Enquête pour «crime contre l’humanité»



Quatre jours plus tard, l’ex-haut responsable rwandais né en 1948 – qui ne s’est pas présenté à l’audience – dépose plainte contre la reporter. Alors même qu’il vivait depuis des années loin des regards, dans la banlieue d’Orléans, il lance une procédure judiciaire, pas freiné pour un sou par son parcours. Longtemps recherché par le Tribunal pénal international pour le Rwanda, qui le considère comme «fugitif» dans un rapport daté de 2001, finalement jamais jugé, la cour administrative d’appel de Nantes a refusé, le 3 avril 2015, de lui délivrer un visa de long séjour, invoquant que «s’il n’est pas établi qu’il [ait] participé personnellement [au génocide] ou l’[ait] planifié, […] il n’a pris aucune mesure pour faire cesser les massacres ni n’a démissionné».

Depuis l’enquête de Mediapart, Ntiwiragabo fait l’objet d’un mandat d’arrêt international lancé par son pays d’origine et d’une notice rouge émise par Interpol. De son côté, le Parquet national antiterroriste a ouvert contre lui, dès le 25 juillet 2020, une enquête pour «crime contre l’humanité» dans laquelle il a été placé sous le statut intermédiaire de «témoin assisté», selon son avocat, Benjamin Chouai. Peut-on dès lors le qualifier de «nazi africain» ? Son conseil dénonce «une pure invective», dénuée «de contexte et d’explication.» «Maria Malagardis n’est pas atteinte du syndrome de Gilles de la Tourette», ironise Emmanuel Soussen, avocat de Libération. Son but, «c’est d’interpeller». «On a un article de presse qui nous dit qu’un génocidaire présumé qu’on cherche depuis près de trente ans coule des jours heureux en France. Alors oui, c’est légitime pour elle d’interpeller.»

«Nazisme tropical»



Surtout, elle «n’a pas inventé» la tournure «nazi africain». Si elle emploie l’expression dans ce tweet, c’est à dessein, «parce qu’elle existe, que c’est une théorie extrêmement sérieuse, documentée», appuie l’avocat. La journaliste l’explique avec ses mots. Elle soutient qu’il ne «s’agissait pas d’une injure» mais de «la qualification d’une situation historique donnée alors que le parallélisme [entre le régime génocidaire et le régime nazi] a été plusieurs fois établi». Elle égrène des textes, des auteurs qui ont eux aussi fait cette analogie. Parmi eux, Jean-Pierre Chrétien, chargé de recherche puis directeur de recherche en histoire de l’Afrique au CNRS de 1973 jusqu’à sa retraite en 2003. Dès le mois d’avril 1994, l’historien qualifiait dans Libération les massacres perpétrés au Rwanda de «nazisme tropical», arguant qu’ils relevaient d’un «génocide politique moderne» et pas d’un «retour de barbarie africaine». Certes, Aloys Ntiwiragabo était, à l’époque des faits, «assez discret», reconnaît la prévenue. Il reste «présumé innocent», «on ne peut lui imputer de crime», dit-elle encore. «Mais sa fonction de chef des renseignements militaires pendant le génocide pose question.»

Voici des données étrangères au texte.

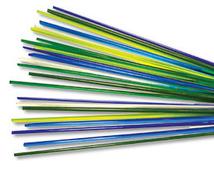 Blues and Greens Moretti Rod Assortment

«Quand j’entends que Mme Malagardis dit qu’il est présumé innocent mais que pour autant on peut le qualifier de nazi africain, c’est une contradiction que je ne comprends pas», proteste Benjamin Chouai au cours de sa plaidoirie. Il souligne qu’il «n’y a rien sur la présomption d’innocence» dans le tweet incriminé, «seulement l’expression nazi africain». «Les réseaux sociaux sont une déchetterie. A un moment, [écrire] “nazi“, ce n’est pas une liberté. “Nazi”, c’est injurieux», martèle-t-il, regrettant que «les explications [historiographiques] soient données deux ans et demi après». Il demande 10 000 euros au titre des dommages et intérêts. «Soyons clairs. A mes yeux, [l’expression] revêt bien la qualification d’injure», expose la représentante du ministère public. Mais, selon elle, «nous étions bien en présence d’un débat d’intérêt général», qui serait même «presque double», «à la fois historique et juridique». Elle n’a requis ni relaxe ni condamnation. La décision a été mise en délibéré au 15 mars.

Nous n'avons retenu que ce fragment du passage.